Uşak Çikolata Tarihi
Kakaodan can bulan çikolata, günümüzde farklı türevleriyle mutfaklarımıza girmektedir. Hemen her damak zevkine hitap ederek adeta vazgeçilemeyecek bir tutku haline gelmiş, geçmişten bugüne çikolata üzerine gelişen damak zevkleri kişileri nitelikli çikolata yemeye yönlendirmiştir. Uşak çikolata kültürüne yeni bir bakış açısı getiren Ella Çikolata, çikolatanın tarihinden gelen esintiden feyz alarak çikolataya farklı bir anlam yüklemiştir. Tarihe bakıldığında, Osmanlı Devleti ile Türk kültürüne yeni yeni adım atan çikolata, o dönem için çok sevilmemiş olacak ki, insanlar tarafından kabul görmemiştir. Tabii bu durum, damağın alışık olmadığı bir tat ya da çikolatanın o zamanlardaki farklı yapım şekillerinden de kaynaklı olabilmektedir.

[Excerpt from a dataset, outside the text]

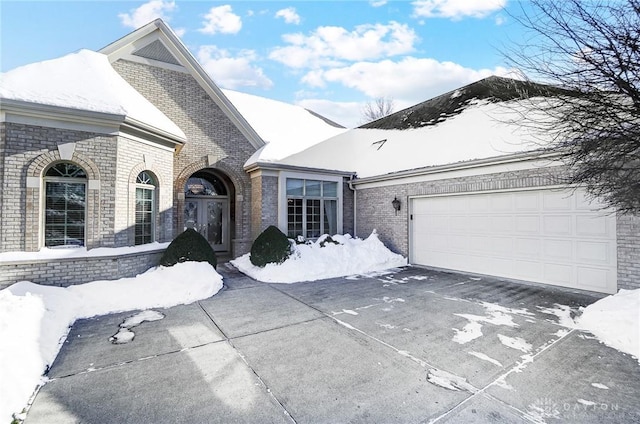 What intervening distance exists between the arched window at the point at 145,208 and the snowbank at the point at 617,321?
1018 centimetres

Tarihi 3000 yıl önceye dayanan çikolata, Mayaların kökenine kadar uzanmaktadır. Hatta bu toplumlarda öncelikle içecek olarak tüketilmeye başlanan çikolata krallar, savaşçılar ve bu toplumda bulunan varlıklı kesim tarafından içilmektedir. İspanyolların, Meksika’ yı fethiyle askerler buradan dönüşte çuvallarca altın ve kakaoyu ülkelerine götürmüşlerdir. Zamanla üzerinde ticarete başlanan kakao, İspanya’ da kavrularak ezilmiş ardından farklı baharatlarla bir araya getirilerek su ile bir içecek olarak tüketilmeye başlanmıştır. İçine anason tohumları, şeker kamışı, karabiber ve tarçın gibi baharatların eklendiği kakao; kadınlar arasında sevilen bir içecek olarak tercih edilmiştir. Üzerine farklı inanışlar geliştirilen çikolatanın her derde deva olduğu düşünülmüş, yorgunluk giderici bir ilaç olduğu tezi ortaya atılmıştır. Verdiği keyiften olacak ki zamanla insanlar kakaodan elde edilen bu içeceği benimseyip, ilaç niteliğinde kullanmaya başlamışlardır. Ardından sırasıyla İtalya, Fransa, Avusturya ve İngiltere’ ye yayılan kakao, o dönemde elde edilmesi güç olduğundan pahalı bir içecek olarak her haneye girememiş, zengin kesimlerce alınabilmiştir. Çikolatayı yalnızca bu toplumların en üst tabakasın tüketmiştir.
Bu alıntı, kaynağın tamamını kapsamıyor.